Aim of the task: In the entries below, repeat only the lines between those holding "In terms of" and "cPanel is a", inclusive. Leave pictures out.

*** Material supplied ***

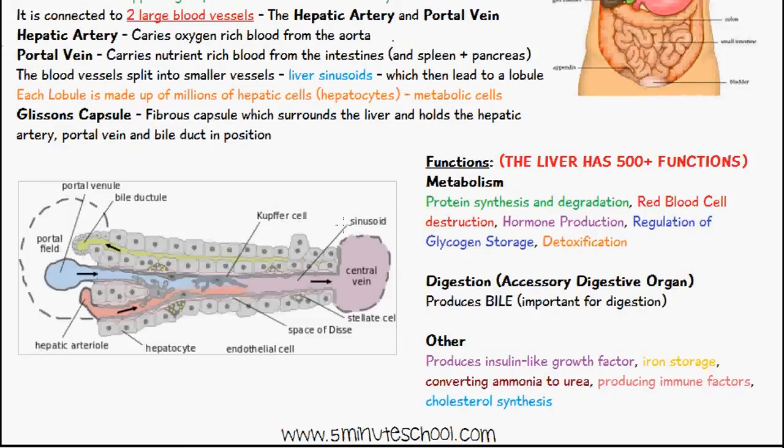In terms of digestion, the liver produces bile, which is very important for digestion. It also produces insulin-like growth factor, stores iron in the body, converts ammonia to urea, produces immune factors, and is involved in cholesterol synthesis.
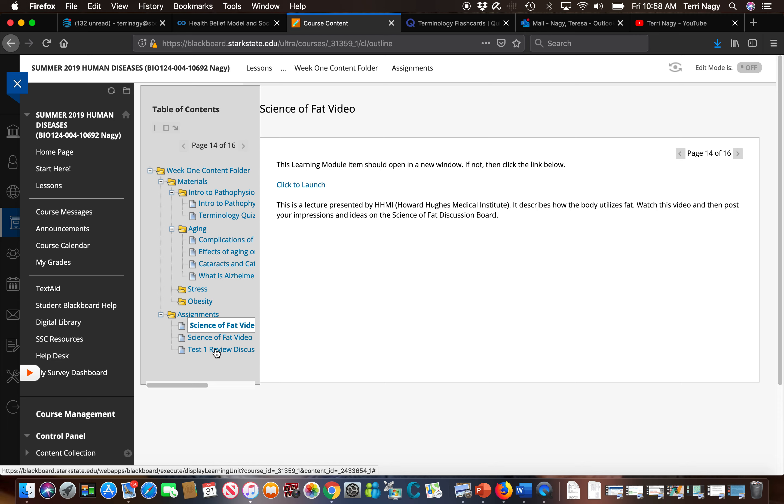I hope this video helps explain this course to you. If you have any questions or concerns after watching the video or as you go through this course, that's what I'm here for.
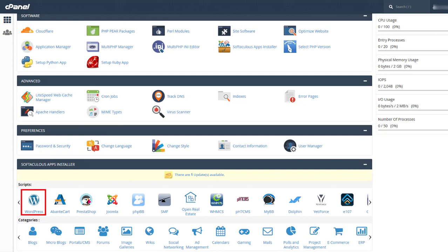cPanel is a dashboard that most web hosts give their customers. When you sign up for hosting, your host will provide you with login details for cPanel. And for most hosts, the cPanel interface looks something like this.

*** End of Material supplied ***
*** Material supplied ***

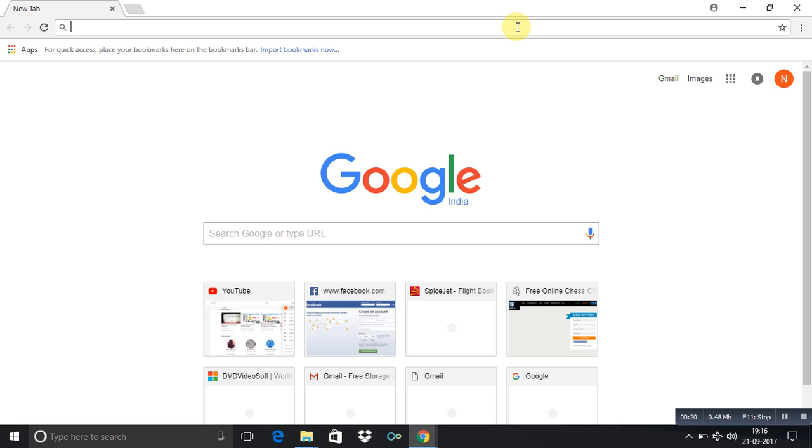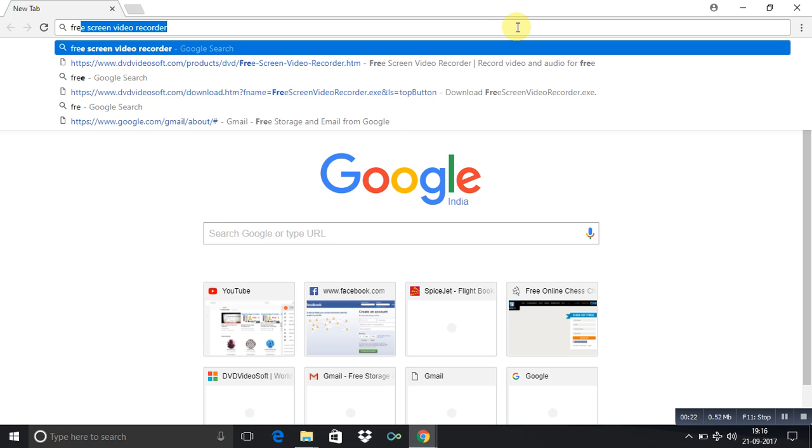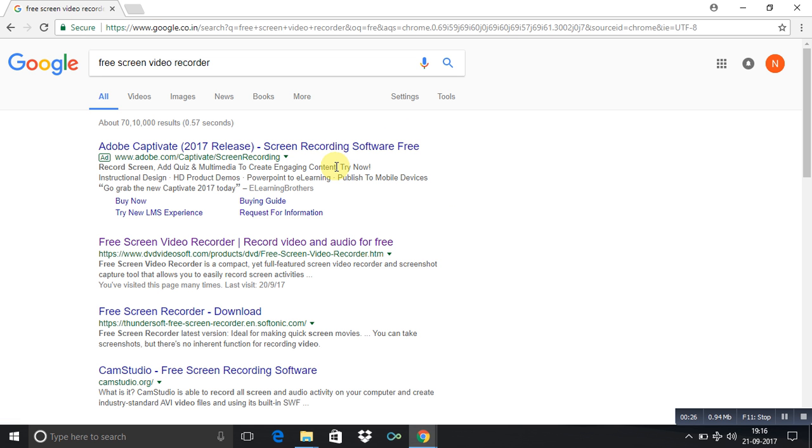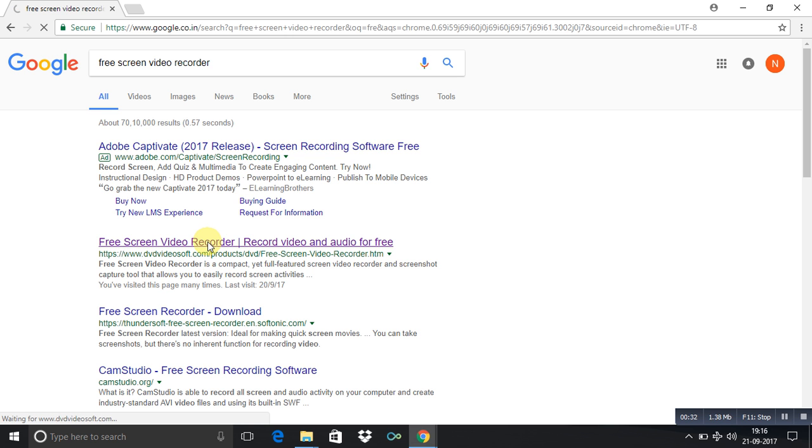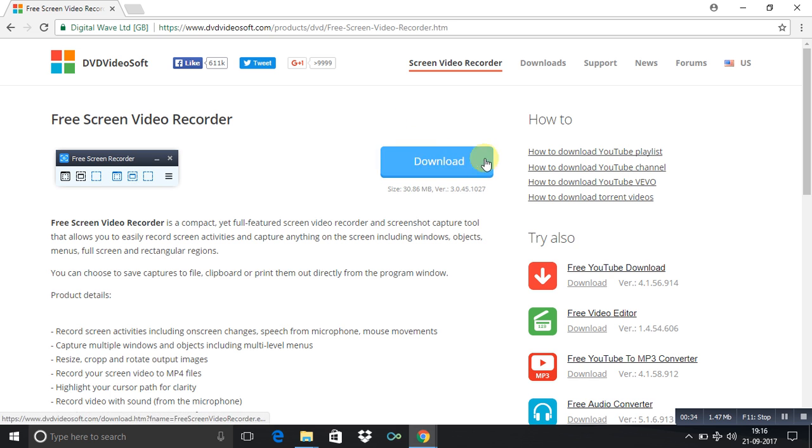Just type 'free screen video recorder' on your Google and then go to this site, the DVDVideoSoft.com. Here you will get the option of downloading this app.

*** End of Material supplied ***
*** Material supplied ***

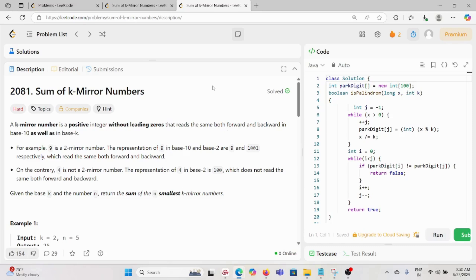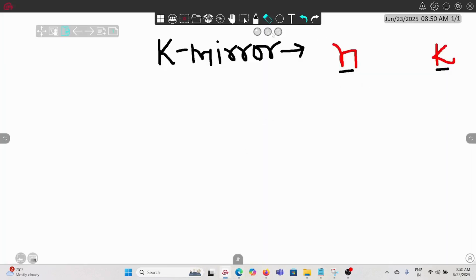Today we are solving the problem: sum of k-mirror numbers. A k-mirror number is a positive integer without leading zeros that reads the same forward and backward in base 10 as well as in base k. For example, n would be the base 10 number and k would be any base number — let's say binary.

*** End of Material supplied ***

Written reply:
In terms of digestion, the liver produces bile, which is very important for digestion. It also produces insulin-like growth factor, stores iron in the body, converts ammonia to urea, produces immune factors, and is involved in cholesterol synthesis.
I hope this video helps explain this course to you. If you have any questions or concerns after watching the video or as you go through this course, that's what I'm here for.
cPanel is a dashboard that most web hosts give their customers. When you sign up for hosting, your host will provide you with login details for cPanel. And for most hosts, the cPanel interface looks something like this.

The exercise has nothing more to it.